Why Heisenberg’s Uncertainty Principle Occurs
I must admit that since first hearing about string theory, many moons ago, I was highly skeptical and basically poo-pooed it. Ah, here we go… We don’t understand something, so we’re going to attribute some bizarre hypothesis… So yes, not a real fan. But today when I happened upon this video, I nodded to its existence and thought, maybe, just maybe I’ll give it another chance. So, hats off to Astrum; you may be slowly bringing around a skeptic.
And below is a reply to the video from a viewer on YT.

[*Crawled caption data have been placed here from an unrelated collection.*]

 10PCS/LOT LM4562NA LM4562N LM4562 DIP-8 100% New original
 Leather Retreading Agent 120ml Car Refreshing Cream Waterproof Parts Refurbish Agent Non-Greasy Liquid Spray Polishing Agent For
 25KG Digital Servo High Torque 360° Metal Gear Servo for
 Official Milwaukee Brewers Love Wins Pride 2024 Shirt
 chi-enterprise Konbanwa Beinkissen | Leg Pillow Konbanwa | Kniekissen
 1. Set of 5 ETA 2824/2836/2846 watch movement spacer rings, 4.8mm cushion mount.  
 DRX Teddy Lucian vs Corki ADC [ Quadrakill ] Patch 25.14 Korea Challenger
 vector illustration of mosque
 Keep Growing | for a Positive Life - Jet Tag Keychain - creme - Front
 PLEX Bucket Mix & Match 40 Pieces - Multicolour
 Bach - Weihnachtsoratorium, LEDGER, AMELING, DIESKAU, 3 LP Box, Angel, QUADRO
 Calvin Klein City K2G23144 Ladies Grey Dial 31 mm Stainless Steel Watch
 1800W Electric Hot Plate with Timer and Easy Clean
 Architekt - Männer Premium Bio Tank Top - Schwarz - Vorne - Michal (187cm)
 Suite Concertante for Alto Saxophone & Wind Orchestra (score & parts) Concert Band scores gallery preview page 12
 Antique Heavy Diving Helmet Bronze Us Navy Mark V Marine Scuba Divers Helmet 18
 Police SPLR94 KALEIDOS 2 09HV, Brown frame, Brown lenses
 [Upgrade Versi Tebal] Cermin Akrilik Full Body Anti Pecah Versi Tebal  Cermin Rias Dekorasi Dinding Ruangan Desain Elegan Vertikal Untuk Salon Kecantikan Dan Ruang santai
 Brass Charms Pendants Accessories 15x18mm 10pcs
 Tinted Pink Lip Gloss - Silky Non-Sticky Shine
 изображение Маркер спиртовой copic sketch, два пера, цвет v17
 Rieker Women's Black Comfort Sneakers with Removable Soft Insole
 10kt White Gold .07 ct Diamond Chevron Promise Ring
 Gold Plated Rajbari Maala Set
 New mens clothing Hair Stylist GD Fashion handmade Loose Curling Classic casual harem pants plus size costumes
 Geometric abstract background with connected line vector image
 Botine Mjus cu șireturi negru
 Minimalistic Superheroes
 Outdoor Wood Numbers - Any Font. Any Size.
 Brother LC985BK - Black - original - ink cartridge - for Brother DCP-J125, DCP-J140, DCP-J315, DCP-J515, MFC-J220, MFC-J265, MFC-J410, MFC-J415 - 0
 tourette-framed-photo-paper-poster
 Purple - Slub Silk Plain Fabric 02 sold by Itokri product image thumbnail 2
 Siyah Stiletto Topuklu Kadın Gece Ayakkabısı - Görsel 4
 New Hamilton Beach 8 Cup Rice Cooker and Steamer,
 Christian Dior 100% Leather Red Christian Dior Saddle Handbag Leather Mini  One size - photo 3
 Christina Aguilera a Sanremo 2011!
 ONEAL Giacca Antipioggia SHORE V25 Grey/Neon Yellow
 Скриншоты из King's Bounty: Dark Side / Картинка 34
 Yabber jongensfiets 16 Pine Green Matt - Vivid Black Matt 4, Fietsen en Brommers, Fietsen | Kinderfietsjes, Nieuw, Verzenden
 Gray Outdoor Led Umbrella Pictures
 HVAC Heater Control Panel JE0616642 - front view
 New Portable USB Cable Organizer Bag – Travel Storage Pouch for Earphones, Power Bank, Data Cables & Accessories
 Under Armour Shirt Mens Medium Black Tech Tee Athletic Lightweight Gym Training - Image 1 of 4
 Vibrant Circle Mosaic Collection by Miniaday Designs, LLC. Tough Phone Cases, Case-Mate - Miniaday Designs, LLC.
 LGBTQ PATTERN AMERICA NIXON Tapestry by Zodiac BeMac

General relativity and quantum mechanics will never be combined until we realize that we are observing them at different moments in time. Because causality has a speed limit (c) every point in space where you observe it from will be the closest to the present moment. When we look out into the universe, we see the past which is made of particles (GR). When we try to look at smaller and smaller sizes and distances, we are actually looking closer and closer to the present moment (QM). The wave property of particles appears when we start looking into the future of that particle. It is a probability wave because the future is probabilistic. Wave function collapse is what we perceive as the present moment and is what divides the past from the future. GR is making measurements in the observed past and therefore, predictable. QM is attempting to make measurements of the unobserved future and therefore, unpredictable.
@binbots response to this video on YouTube
Interesting take. I see where you’re going with this; because quantum mechanics deals with the future and therefore is unpredictable. While general relativity deals with the past, therefore it can be quantified. That makes perfect sense – and therefore the twain shall never meet.